--- PROVIDED RECORDS Enclosed Below ---

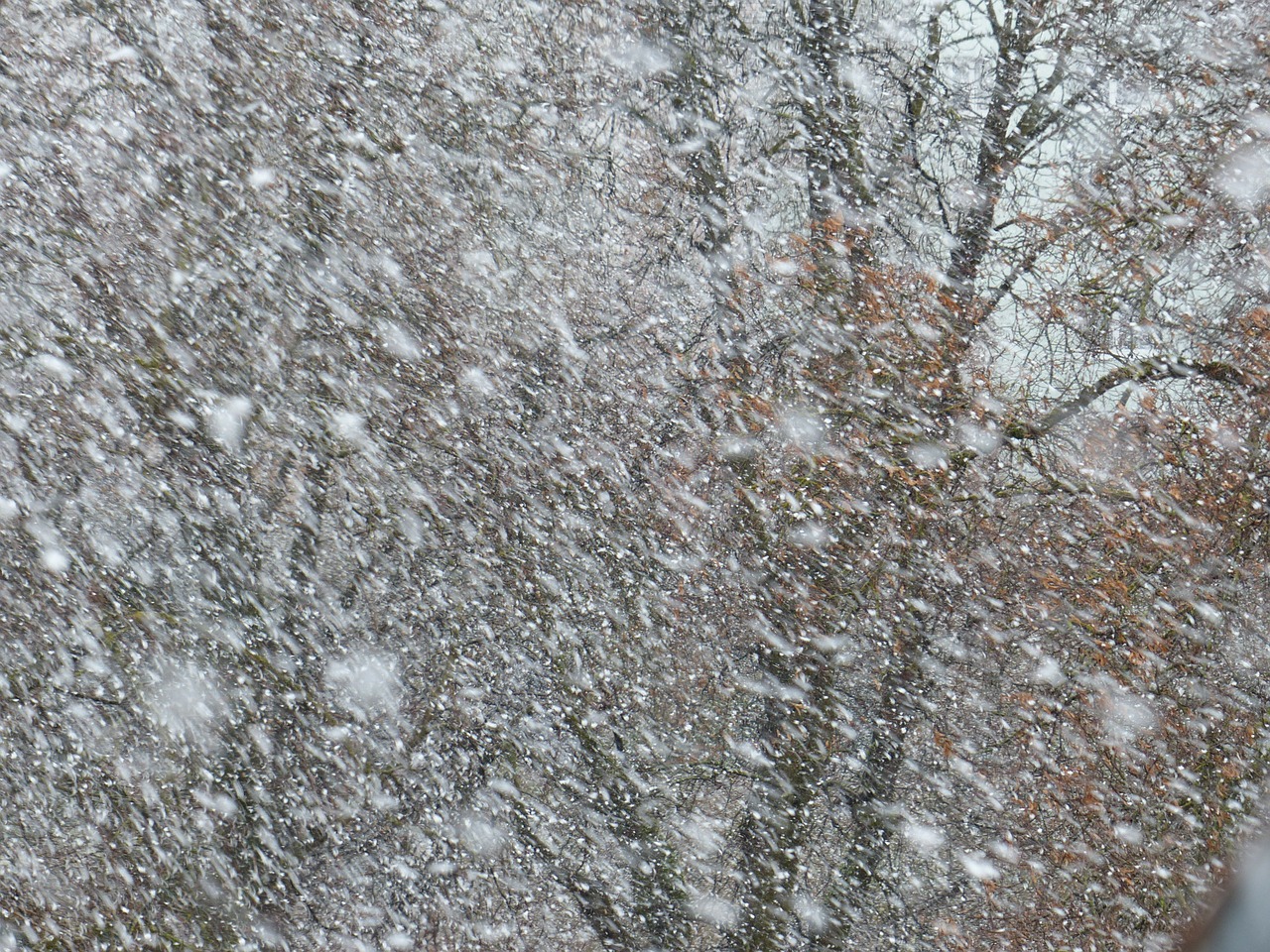 Blizzard, Sniego Gūsis, Snaigės, Sniegas, Sniego Audros, Žiema, Šaltas, Sniegas, Dribsnių, Persiųsti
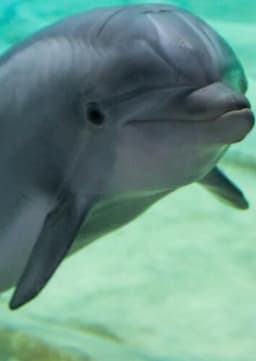 Dolphin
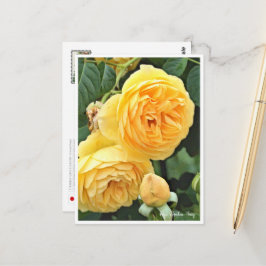 Rose Garden ポストカード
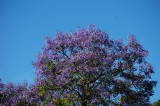 A Jacaranda tree stands tall, and sways as if to say...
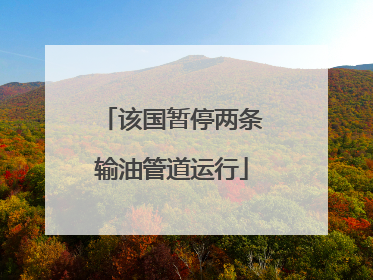 该国暂停两条输油管道运行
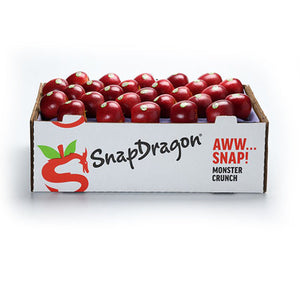 Wholesale Packer SnapDragon® Apples 65count-1ct Case Bulk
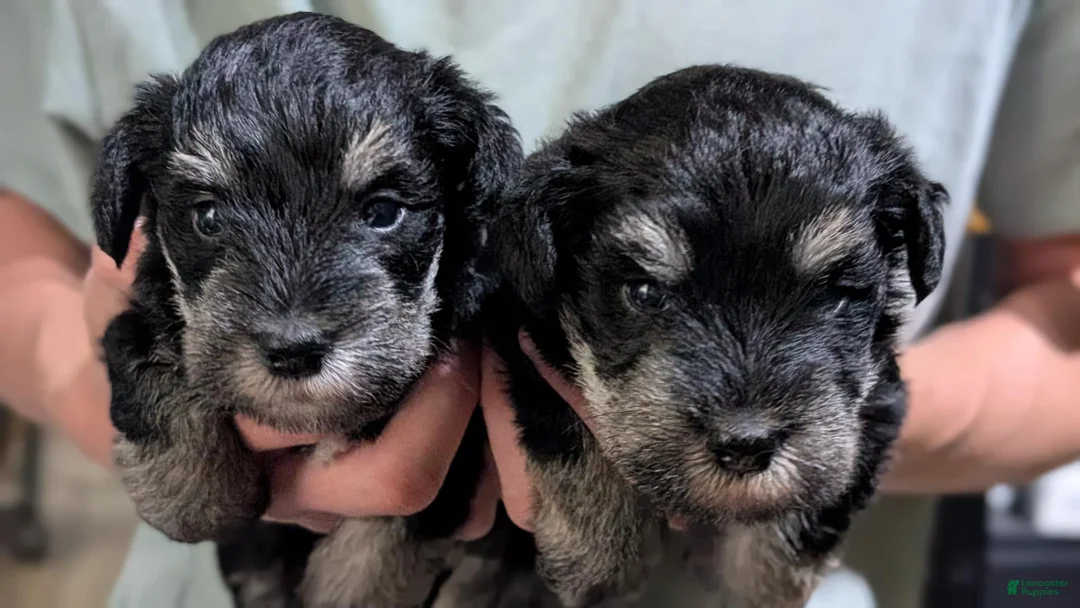 Miniature Schnauzer dogs for sale: Bert - Ad 5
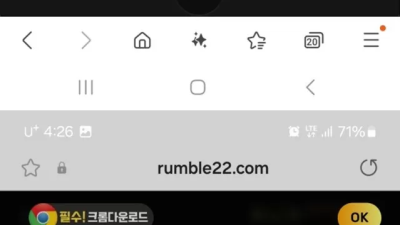 럼블벳 먹튀 확정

--- End of Enclosed PROVIDED RECORDS ---

[WORK INSTRUCTIONS]: Write the lines from the one containing "Miniature Schnauzer dogs" through the end of the data above exactly as they appear, and do not carry over any picture.

[FINISHED TASK]:
 Miniature Schnauzer dogs for sale: Bert - Ad 5
 럼블벳 먹튀 확정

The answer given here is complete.